Le plancher du pont craqua dans leur dos. Derrière eux était venu se camper le père de Denyo, vit-elle d’un coup d’œil par-dessus l’épaule, drapé dans son long manteau de commandant de bord en lainage violet. Soigneusement rasé, le capitaine-marchand Ternesio Terys avait des cheveux gris qui, coupés court, encadraient avec netteté la carrure de son visage tanné par le vent. Elle l’avait souvent surpris en train de plaisanter avec ses hommes d’équipage, au cours de la traversée, mais il leur suffisait de le voir froncer les sourcils pour le fuir comme la peste et filer doux. Or, il avait justement les sourcils froncés. « Notre voyage touche à sa fin, la prévint-il. Nous allons à présent gagner le port de contrôle, où les agents douaniers du Seigneur de la Mer monteront à bord inspecter nos soutes. Ils y consacreront une demi-journée, comme ils le font toujours, mais toi, rien ne t’oblige à attendre leur bon plaisir. Va donc rassembler tes affaires. Moi, pendant ce temps, je ferai mettre une chaloupe à la mer, et c’est Yorko qui t’emmènera à terre. »

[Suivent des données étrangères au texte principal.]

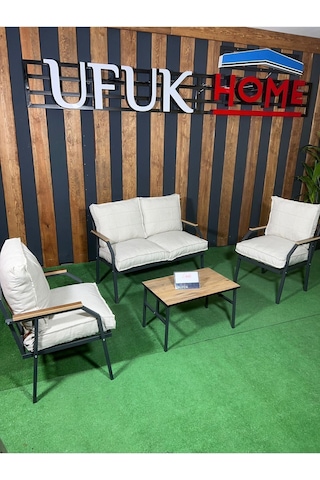 Ard & Garden Linda 211 Sehpalı Krem Fermuarlı Bahçe Balkon Takımı, Cafe, Salon - Metal Kanepe Koltuk Takımı Krem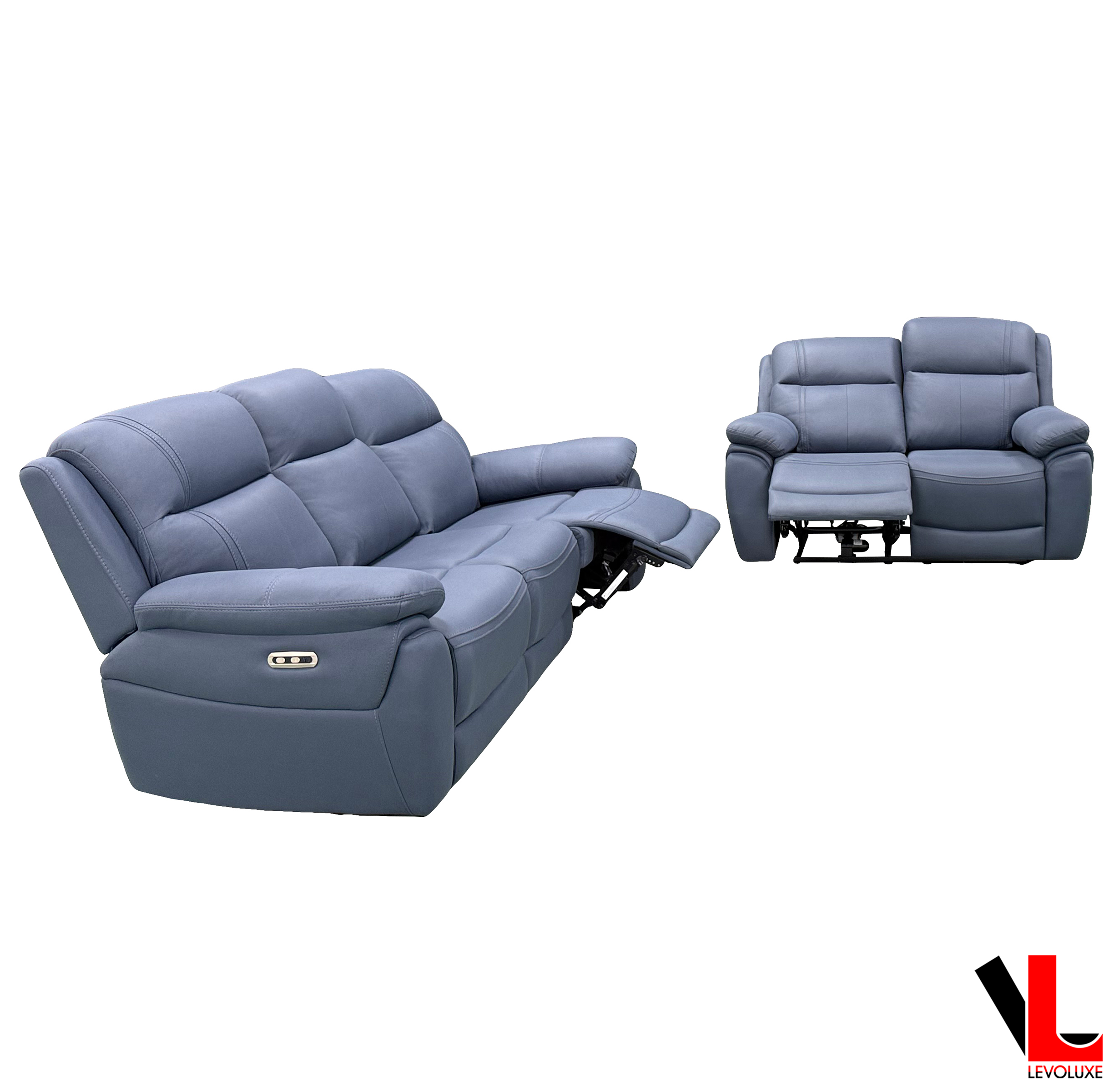 Regent 2 Piece Power Reclining Sofa and Loveseat with Power Headrests in Jaxxon Blue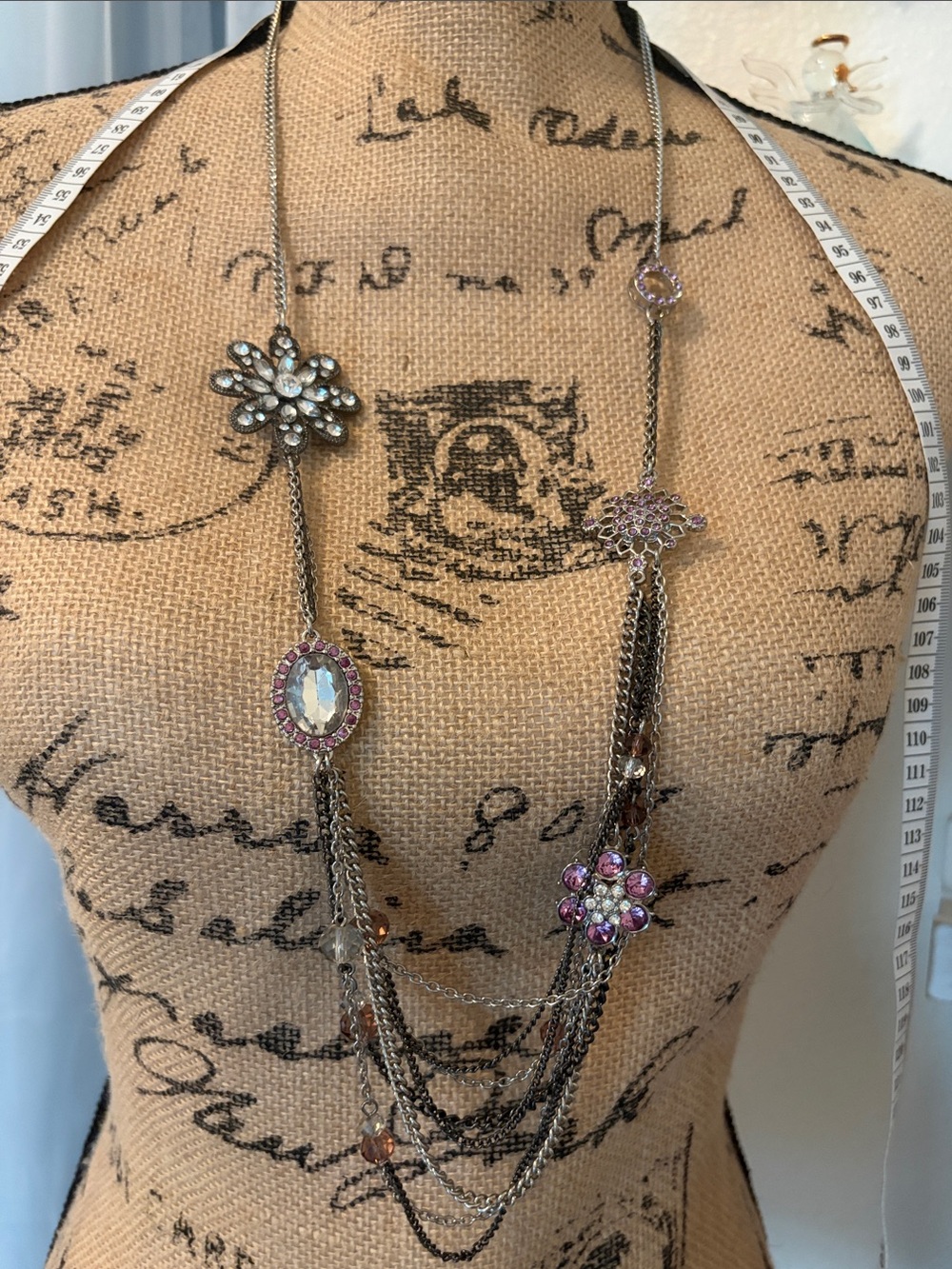 Vera Wang Silver-Tone Multi-Strand Necklace with Pink and Clear Crystals
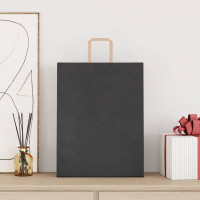 Produktbild för Papperspåsar 250 st med handtag svart 32x12x42 cm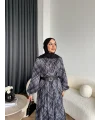 Moi - Çizgili Şifon Elbise - Gri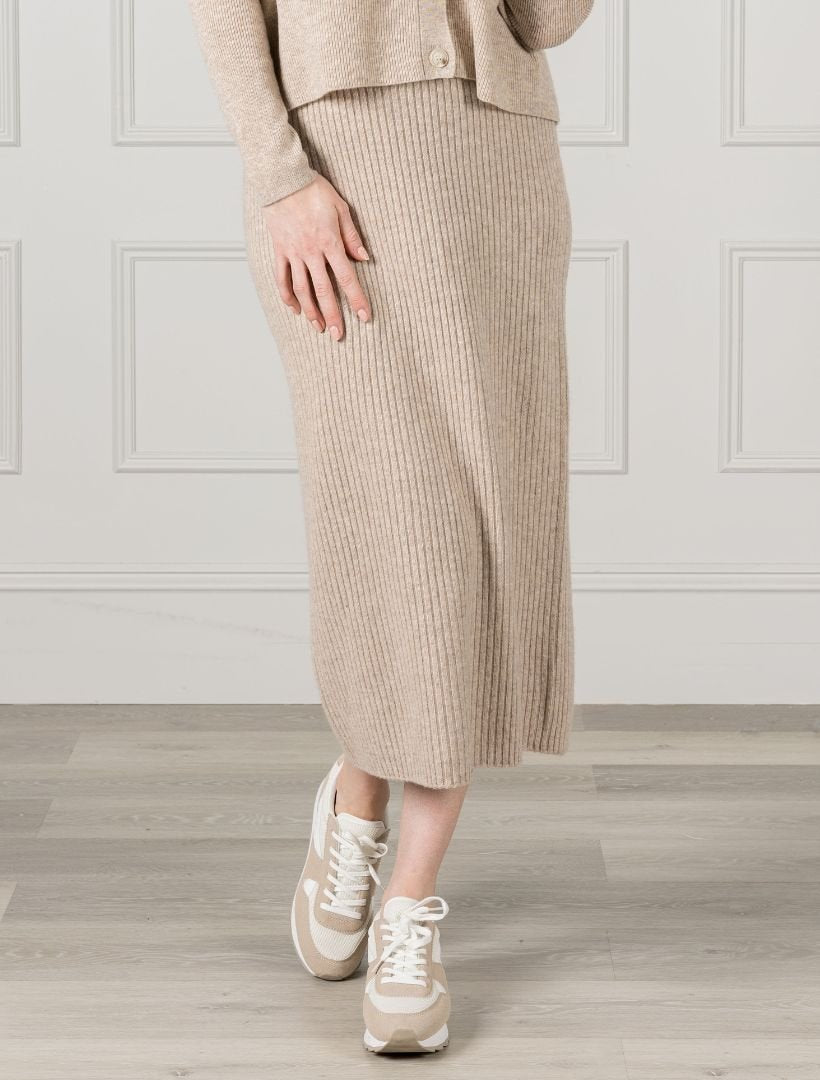 Eden Rib Skirt Oatmeal - FINAL SALE - Zjoosh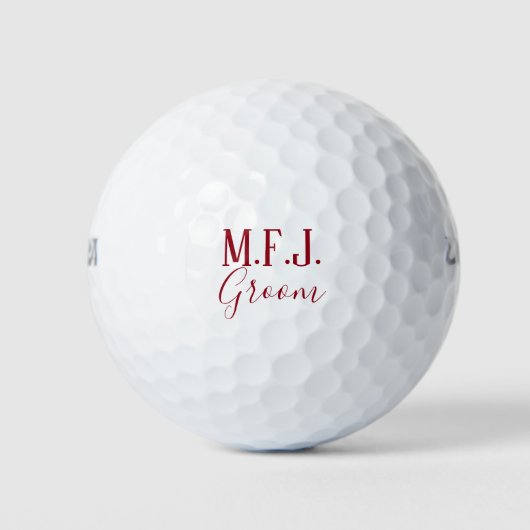 Monogram Groom Red and White Souvenir Golfball (Vorderseite)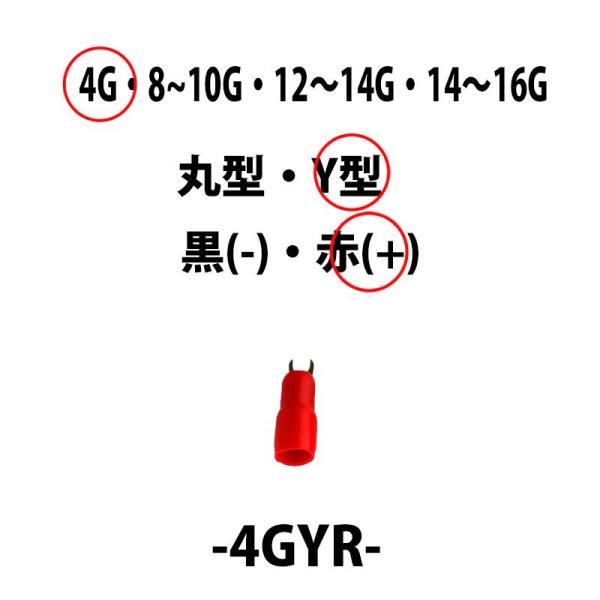 アーシング ターミナル ４ゲージ用 Ｙ型端子（+）プラス用 赤　4GYR
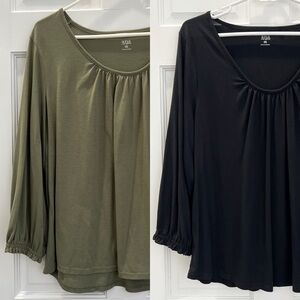 a.n.a. 3/4 Length Sleeve Ruched Blouse Bundle Women’s Size XXL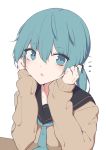  /\/\/\ 1girl :o alternate_costume bangs black_sailor_collar blue_eyes blue_hair blue_neckwear brown_sweater commentary_request eyebrows_visible_through_hair giryu hands_on_own_cheeks hands_on_own_face hatsune_miku long_hair long_sleeves looking_at_viewer neckerchief open_mouth sailor_collar school_uniform simple_background sleeves_past_wrists solo sweater upper_body vocaloid white_background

A terre. Arya se mordit la lèvre. C’était bel et bien pour venir ici qu’elle avait traversé le détroit, mais le capitaine lui aurait-il demandé ce qu’elle souhaitait, pas de doute, elle aurait répondu : « Rester à bord de La Fille du Titan ». Saline était trop menue pour s’atteler aux rames, elle n’ignorait plus cela, mais elle pouvait tout de même apprendre à épisser des cordages, à prendre des ris dans les voiles, à gouverner dans les immensités salées des océans. Denyo l’avait une fois fait grimper jusqu’au nid-de-pie sans qu’elle y éprouve la moindre frayeur, tout minuscule que semblât alors le pont en contrebas. Puis moi aussi je suis capable de tenir le ménage d’une cabine et de faire des additions.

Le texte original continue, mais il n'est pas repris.